TESSA

When I get back to Maria and Chris’s house I park on the street again and then I let myself back in, and the first thing I hear is a scream. It’s long, and high-pitched, and it makes me hurtle down the stairs into the kitchen.

Zoe is screaming. She has her hands over her ears and her mouth open wide and she’s screaming as if something’s unbearable.

Maria stands at the island and says, ‘Stop it, Zoe, stop it! Stop it! Will you stop it!’ but it’s not until I have Zoe wrapped tightly in my arms that she does stop and I feel her body go limp against mine. Lucas hovers beside us, anxious. Chris looks on aghast.

Something’s gone wrong; that’s obvious. I think Chris has confronted Maria. She looks awful: smudged eye make-up, a dirty shirt, red eyes, and there are eggs smashed on the counter.

‘Come with me, honey,’ I say to Zoe, and I usher her towards the door, and upstairs into the sitting room, which is decorated as if the family regularly entertain minor royalty, which, for all I know, they do. I sit her down and, although it’s too hot for hugs, I keep my arms around her for all the long minutes that it takes for her body to stop shaking.

Zoe’s a convicted killer. There are no two ways around that. Tom Barlow would probably qualify that further by saying that she is a murderer. But she’s still my niece. She’s the baby I visited within hours of her birth all those years ago, a scrumpled-up scrap of a thing, at that moment full of all the potential in the world. She’s the toddler I took to the beach and made a sandcastle with, she’s the girl I took to the zoo and helped to be brave when she wanted to feed the lorikeets but was afraid of the feel of them when they landed on her hand. She was the nine-year-old I cheered on when she made it to her first regional piano final in blinding style, making me swell with pride even though I’d bitten my fingernails to the quick.

She was the child I loved and thought about and took an interest in.

And so, in spite of what she’s responsible for, I love her still. Zoe made a stupid mistake one night of her life, which has had the most terrible consequences. But I will always love her. Somebody has to.

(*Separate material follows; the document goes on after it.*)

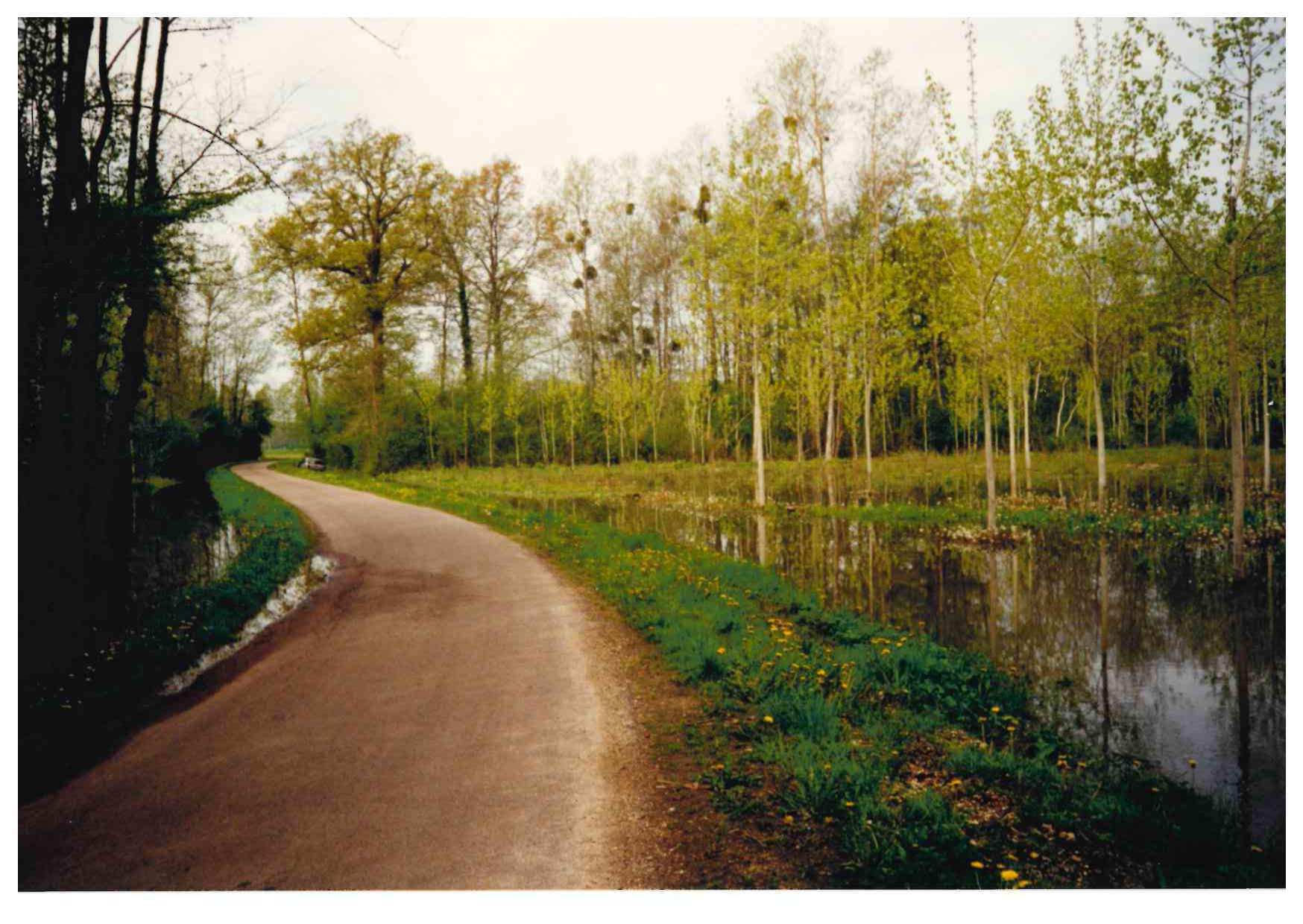 Crue de l'Armance, en avril 1998, à la limite de Germigny et Saint Florentin lieu dit Grand-Champlandry; dans l'Yonne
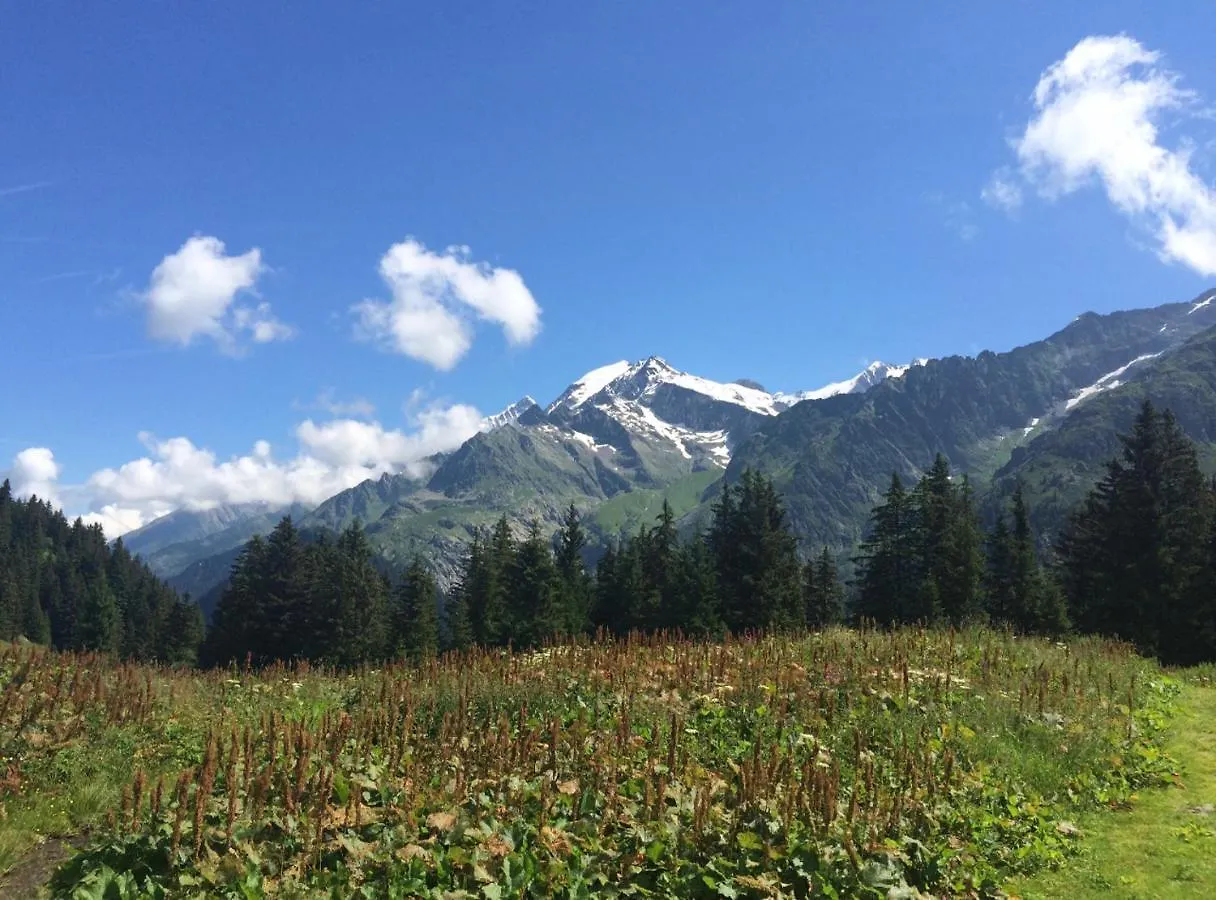 Bel Appartement Au Decor Montagnard - 80M2 Les Contamines-Montjoie 0*,  France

I know Maria loves her too, but Maria is closer, obviously, and the fallout from Zoe’s actions has fractured Maria’s life before and might now fracture it again and that, however much you love somebody, is complicated. They are tied together too tightly for their love to be easy. But I think Zoe has a good heart. I believe her story about what happened all those years ago, on the night of the accident, and I want her to know that somebody loves her after the accident just the same way they did before it. I think she deserves that.

And so, as my body gets hotter, and damper, from the close contact with hers, I wipe her tears gently as they fall, and I just hold her, and I whisper to her that I’ll always be there for her, no matter what, and that I love her to bits, and when she’s calmed down enough I encourage her to lie down and I slip back downstairs to see what’s happening.